他の人のやらかしとかを見ても、「まあ人間だから」としか思わないから、そこはネットの流れに沿って攻撃するより、「いや人間だよ」と考えたい。 そういうことと近いことを言っているのがドストエフスキーだと思うんですよ。「私はクリスチャンだけど、人間だから借金する、酒も飲む」とか。
――ただ、社会と個人を切り離して、主体の自由を強く出しすぎたら、今風に言うと「自己責任論」みたいなものにも結びついてくると思うんですが。
にゃるら:
じゃあ申し訳ないですけど自分はフリーランスでクリエイターとしてやってるんで、自己責任でしか生きたことがないです。そこにバイアスというか、偏重するのはしかたないんじゃないですかね。
――なるほど、社会的な構造の結果ではないと。
にゃるら:
いやもう、ずっと社会を憎んで生きてます。だってなんか、「会社に確認します」とか「預かって上長に確認します」とか何だよとか。「お前の意見は?」と、ずっと思いますもん。今もそれ本当に嫌いなんで。
――(笑)。いや、にゃるらさんのお話を聞いているとすごい一貫してますね。つまりにゃるらさんがテーマにしておられる実在主義というのは社会構造より、個人の自由を強調するわけですから。
にゃるら:
会社にいる限り自分の責任ってものを会社に預けるから。そこは自己責任じゃない人たちにムカつくことはかなりあるので。
――ただ『NEEDY GIRL OVERDOSE』は、ある種のカウンセリングとしても見れる気がするんですが、それは間違いなんでしょうか?
にゃるら:
いやあ、『エヴァンゲリオン』をカウンセリングとして見る人がいるとかと同じ話じゃないですかね。 稲垣さんに「自分自身とその周辺のことを書いてるね」と指摘されたことがあるんですけど、自分自身とその周辺のことを13話分も書いたらそれは確かにカウンセリングですよ。だから僕のカウンセリングですね。
――なるほど。
にゃるら:
カルテに近いかもしれないですね。ものすごい鬱病だから、映画も2時間閉じこもれると楽なんですよ。そのことしか考えなくて済むんです。生きてると、後悔のことばっか思い出すから。

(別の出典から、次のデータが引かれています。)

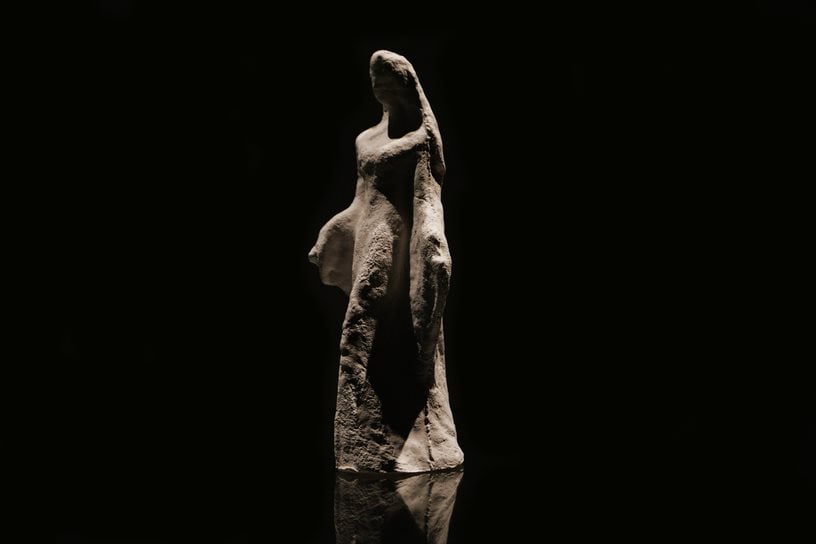 Iemanjá (Coleção Fé) collab Mush e Furf Design Studio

――そうしたにゃるらさんの「カルテ」とも言える物語が、アニメとして表現されます。13話を通して視聴者に何を感じ取ってほしいですか?
にゃるら:
僕は、超てんちゃんという、色々と病みながら進んでいく女の子がいて、それに対して「そんなものを描くな」というより、「その子を見てどう思いますか」というだけの話だと思っているんです。
「この子は少なくともここへ来たよ」というのが、全13話として描かれます。若者の暴力性や薬物依存はなぜ起きるのか。アニメではそれが尚更出ていると思いますが、僕としては「それを真剣に書いただけ」という、ただそれだけの気持ちがあります。
――ありがとうございました。
【取材後記】
取材中、表現の自由やゾーニングの是非を巡り、記者とにゃるら氏の間で意見が異なり、場に緊張が走る瞬間があった。一方でそれは作品に真摯に向き合っているからこそ生じた摩擦であり、この作品が持つ熱量そのものでもあると感じた。
冒頭で記した通り、記者は現代的な病理を浮き彫りにしている『NEEDY GIRL OVERDOSE』を傑作と考えている。にゃるら氏が中心的に手掛けた今回のアニメ版が、どのような現代の景色や空気、そして問題提起を見せてくれるのか。いち視聴者として楽しみに待ちたい。
なお、『NEEDY GIRL OVERDOSE』を巡っては現在、係争が存在することが公に知られている。今回の取材は、それらの問題には触れず、あくまでこれから世に出る「アニメ作品」を中心に取り上げて欲しいというにゃるら氏側の依頼のもと、筆者が合意し実施したものである(取材・執筆・構成:福山幸司)。